Hannah Alex Younger, Relational Values, 2017, Thiox monoprints on hand-dyed, hand-woven Tencel. Image courtesy of the artist
Through the virtual exhibition, viewers can dive deeper and learn more about all 50 participating artists. Ahn Lee’s cocoon was created in response to the violence Lee experienced as a Chinese person in relation to COVID. Nasim Moghadam’s The Birth Certificate, a monumental sculptural installation enlarging eight pages of her birth certificate booklet, represents female hyphenated identity in the Middle East and explores the identity of women concerning culture and society.
This exhibition invites the viewer to slow down and take time to peruse the artist pages and to learn more about artists such as Kenya Alkebu a “lifer” inmate in the Louisiana Department of Corrections and his quilt Red, White & Baldwin, a celebration and recognition of his love of the writer, James Baldwin. Efrat Hakimi’s Sims Series features paper embossed with the outlines of surgical tools used by James Marion Sims who conducted non-consented experiments and surgeries on enslaved black women in the 1840’s in Alabama.

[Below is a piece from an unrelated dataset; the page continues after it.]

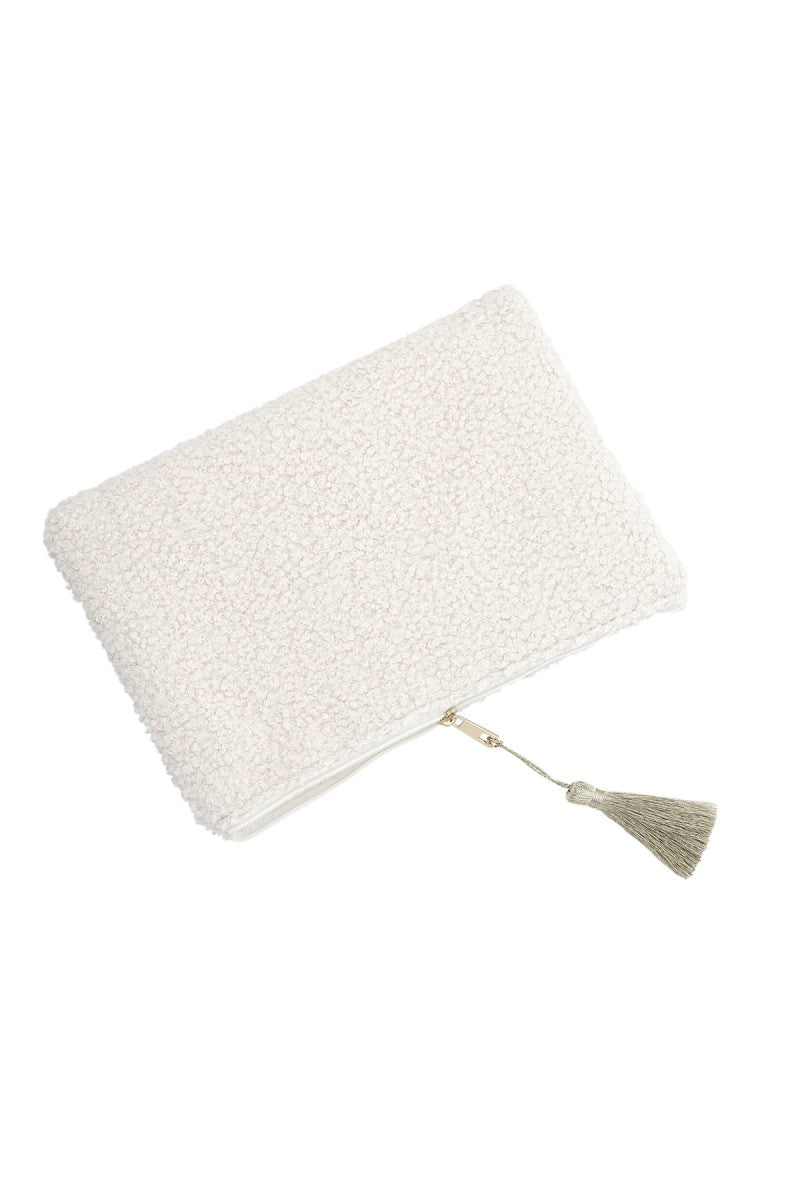 Make Up Tasje Teddy Hart
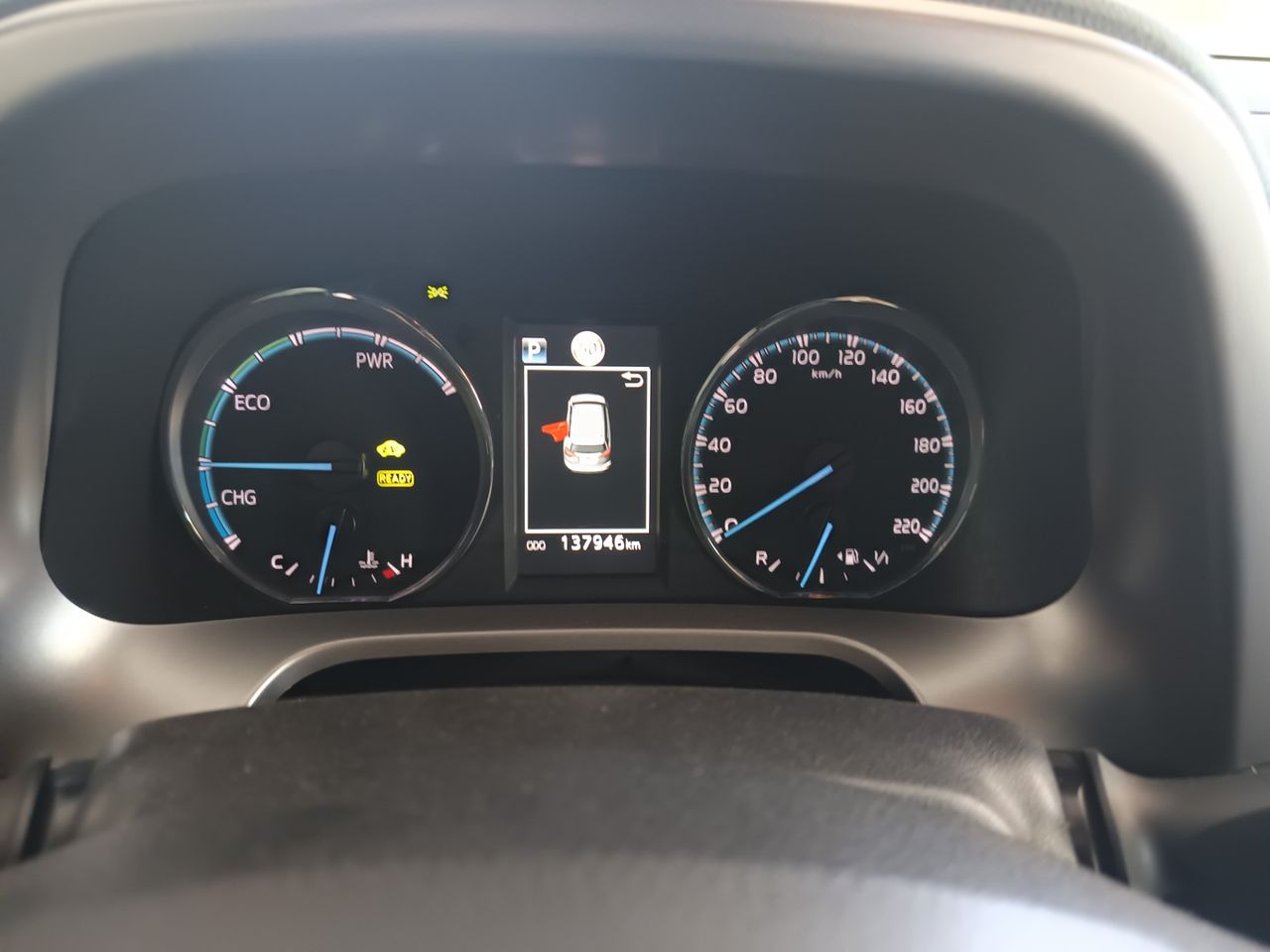 Toyota Rav4 FEEL - Foto 16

Sobia Ahmad, Elizabeth Alexander, Kenya Alkebu, Cassie Arnold, Josh Azzarella, Leslie Boyd, Kimberly Camp, Gaye Chan, Gregory Climer, Isaac Couch, The’Shima Craver, Tara Daly, Kimberly English, Jen Graham, Lily Guillen, Efrat Hakimi, Holly Hanessian and Michael Austin Diaz, Alison Kysia, Connie DK Lane, Ahn Lee, Susan Lenz, Beili Liu, Cathy Lu, Katrina Majkut, Kimberly McKinnis, Elizabeth Miller, Nasim Moghadam, Shavon Morris, Ann Morton, Richard-Jonathan Nelson, Ramekon O’Arwisters, Jacob Olmedo, Kasia Ozga, Bridget Parlato, Beverly Patterson, SV Randall, Shani Richards, Dora Lisa Rosenbaum, Justin Rothshank and Isaac Scott, Julia Kim Smith, Erin Stafford, Tim Tate, Amelia Toelke, Abegael Uffelman, Winnie van der Rijn, Flora Wilds, Anne Wolf, Evelyn Wong, Yu-Wen Wu, and Hannah Alex Younger.
For more information contact:
Sarah Beth Rosales, Marketing and Communications Director at firstname.lastname@example.org or at 415.773.0303
Top Image: Sobia Ahmad, wherever you are is called Here (detail), 2019, screen-print of maps of various locations in Pakistan. Image courtesy of the artist
About the Museum of Craft and Design
The Museum of Craft and Design (MCD) is San Francisco’s only museum devoted to craft and design. Founded in 2004, MCD showcases designers, makers, and artists through an exciting and distinctive series of craft and design-focused exhibitions and public programs. As a non-collecting institution, the museum actively collaborates with artists, designers, museums, and universities, as well as design venues and practitioners to create inspirational experiences in the world of craft and design for visitors of all ages. Learn more at sfmcd.org
The Museum of Craft and Design is located at 2569 Third Street (between 22nd and 23rd), in the historic American Industrial Center in San Francisco’s vibrant Dogpatch neighborhood. MCD is a North American Reciprocal Museum (NARM) member, a Blue Star Museum, and participates in Museums for All and ROAM. MCD offers free admission to our nation’s active-duty military personnel, essential workers, first responders, and their families.